Hawking and Mlodinow summarize: Spontaneous creation is the reason there is something rather than nothing, why the universe exist, why we exist. It is not necessary to invoke God to light the blue touch paper and set the universe going and The fact that we human beings - who are ourselves mere collections of fundamental particles of nature – have been able to come this close to an understanding of the laws governing us and our universe is a great triumph. But perhaps the true miracle is that abstract considerations of logic lead to a unique theory that predicts and describes a vast universe full of the amazing variety that we see.

Today I read in Murphy's Law Calendar: There are some things that are impossible to know - but it is impossible to know these things. Now I think I am more than ready to read Küng's book about what he believes!

1 comment:

  1. In "The Grand Design" Hawking says that we are somewhat like goldfish in a curved fishbowl.
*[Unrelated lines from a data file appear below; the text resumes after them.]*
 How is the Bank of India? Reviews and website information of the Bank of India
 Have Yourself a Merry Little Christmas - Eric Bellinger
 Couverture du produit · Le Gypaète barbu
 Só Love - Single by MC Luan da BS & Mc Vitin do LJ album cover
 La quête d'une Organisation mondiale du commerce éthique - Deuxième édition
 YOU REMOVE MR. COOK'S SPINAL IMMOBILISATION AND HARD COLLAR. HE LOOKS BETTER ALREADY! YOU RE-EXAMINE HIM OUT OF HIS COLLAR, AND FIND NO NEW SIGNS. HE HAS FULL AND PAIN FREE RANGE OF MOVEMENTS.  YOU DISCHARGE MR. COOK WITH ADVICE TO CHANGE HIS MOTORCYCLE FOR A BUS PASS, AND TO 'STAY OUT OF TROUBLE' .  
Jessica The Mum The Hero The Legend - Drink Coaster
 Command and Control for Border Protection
Our perceptions are limited and warped by the kind of lenses we see through, “the interpretive structure of our human brains.” Albert Einstein rejected this subjective approach, common to much of quantum mechanics, but did admit that our view of reality is distorted.

    Einstein’s Special Theory of Relativity has the surprising consequences that “the same event, when viewed from inertial systems in motion with respect to each other, will seem to occur at different times, bodies will measure out at different lengths, and clocks will run at different speeds.” Light does travel in a curve, due to the gravity of matter, thereby distorting views from each perspective in this Universe. Similarly, mystics’ experience in divine oneness, which might be considered the same eternal event, viewed from various historical, cultural and personal perspectives, have occurred with different frequencies, degrees of realization and durations. This might help to explain the diversity in the expressions or reports of that spiritual awareness. What is seen is the same; it is the seeing which differs.

    In some sciences, all existence is described as matter or energy. In some of mysticism, only consciousness exists. Dark matter is 25%, and dark energy about 70%, of the critical density of this Universe. Divine Essence, also not visible, emanates and sustains universal matter (mass/energy: visible/dark) and cosmic consciousness (f(x) raised to its greatest power). During suprarational consciousness, and beyond, mystics share in that essence to varying extents. [quoted from my e-book on comparative mysticism]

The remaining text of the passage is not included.